Thanks Jan. This is very useful.
Rindert
Boy of all people, I hate to contradict you. BUT— within a few revolutions, the friction between the wall of the tire and the liquid, will cause the liquid to spin with the tire. At one time they sold hollow plastic tubes formed into a ring that were filled with a liquid. You snapped the plastic ring into the lip of the rim flange, to ballance car tires. Also, in farming we often fill the tires with a liquid to give the tractor more weight and better traction. (I sent my new tractor back to have the dealer put liquid in the rear tires-- the front end loader was tipping the tractor) Besides adding weight, the liquid makes the tractor ride much smoother when roading. TomC
Yes but same goes a nother way. It will take a few revolutions of water in the tire before the energy of water is fully transmited on the tire via friction, when the tire comes ag a sudden stop. But that defeats the whole purpose of the flywheel, to transmit energy imidiatly and smoothen the spikes in torque.
Yes! You make a good point. I guess the rpms of the tire would have an effect on the smoothing of torque spikes. After all, I don’t think anyone is planning on hitting a spike and stopping it instantly. TomC
I agree with that statement wayne, And any one that enjoys chunking wood should build a gasifier and feel the freedom of driveing without petro fuel.And its hard too beleive how simple the fuel control system works so well.
Been busy the last few days getting my mill going again and cutting some cherry. That is all about 4 or 5 foot long lumber.
Those are some of the more interesting grains I had.
I think I had about everything wrong I could when I started. Seems hard wood is harder to saw than just rough slab cuts of pine for siding on an old barn.
But a lot of troubleshooting later I am getting nice boards now. I am just glad I have the mill otherwise all this cherry would have ended up as firewood.
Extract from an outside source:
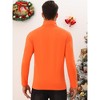 Lars Amadeus Men's Slim Fit Long Sleeves Knitted Pullover Turtleneck T-Shirt Tops - 3 of 4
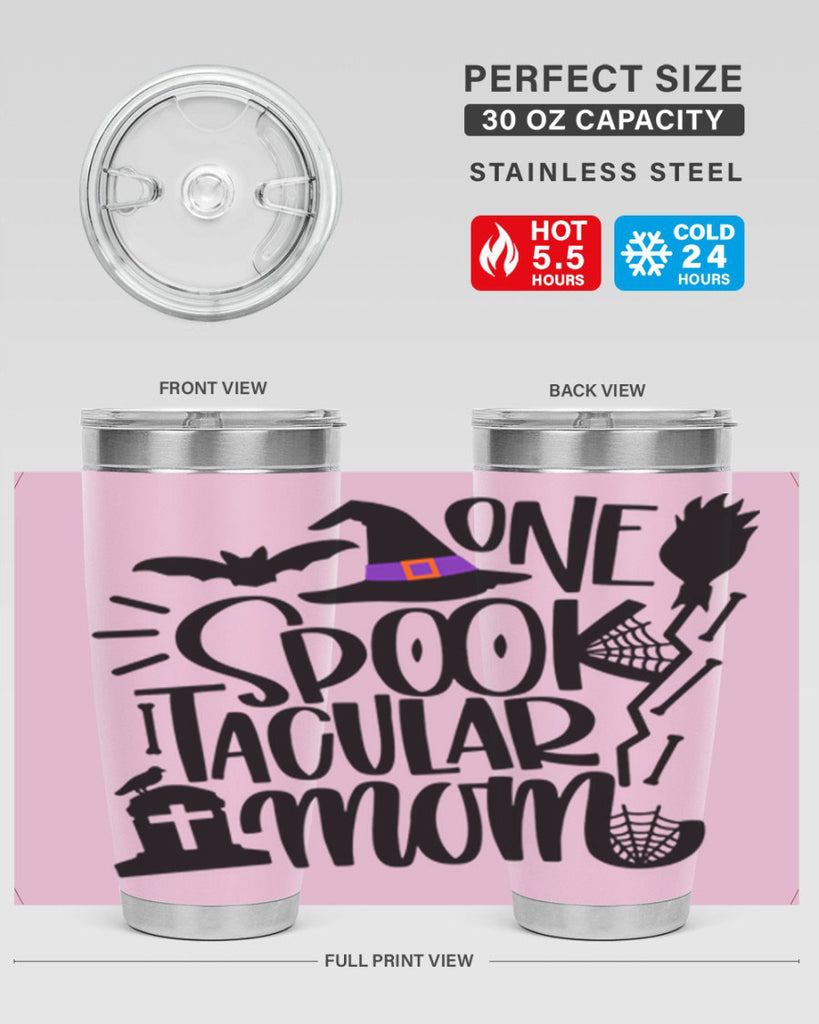 one spooktacular mom 34#- halloween- Tumbler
While I could use the wood there is far less valuable lumber to burn.
I also sawed about half that amount in spruce the other day that cut easier then the cherry but there I was just going for construction grade lumber for my farm so not too fussy.
Those are the last 2 cherry logs left to saw.
Always check your cut depth on both ends of the log before you start. Or this can happen when you stop in the middle…
That wasn’t much fun. Turns out the sawdust behind the blade makes it hard to get out even after you wedge the cut open. Well there is a first time for everything.
Hopefully not always a second time though.
Just a fun photo of how a tractor is alway helpful.
There are a couple of photos of the cherry stacked in the top of the barn to dry. It can easly sit there until it is ready to use. Now if I only had a clue what I will do with it.
My first tree was winter of 77-78 spent the morning plowing snow. School from noon till 5pm work from 6 pm till 10pm.
Grabbed my grandfather’s chain saw and headed for the swamp behind the barn
where an old dead Elm tree was that I had scouted while rabbit hunting.
I felled that ole boy by the pale moon light
Almost 80 ft tall 3.5 - 4ft. diameter shook the whole swamp! Man that was scary!!!
Cut it into logs and skidded them out the next night. Yep after dark again. Yep working all alone. Lived with a bunch of drug addicted alcoholics. Family ! Being the youngest I had no say in that house. Wasn’t long had my own house. No drug addict freeloaders there!
I have cut many many more since then. Leaners and blow downs are the worst.
You need to study them first. Cut as many limbs off as you can. Safely! Then like Mr. Wayne says cut from the bottom as far as you can then from the top. If there is a root ball I used to stuff a big block of wood under the log then cut the root ball off close the the block
Even then things can go wrong
If so drop the saw and use your escape route.
All I can say is be careful the saw can be replaced you can’t!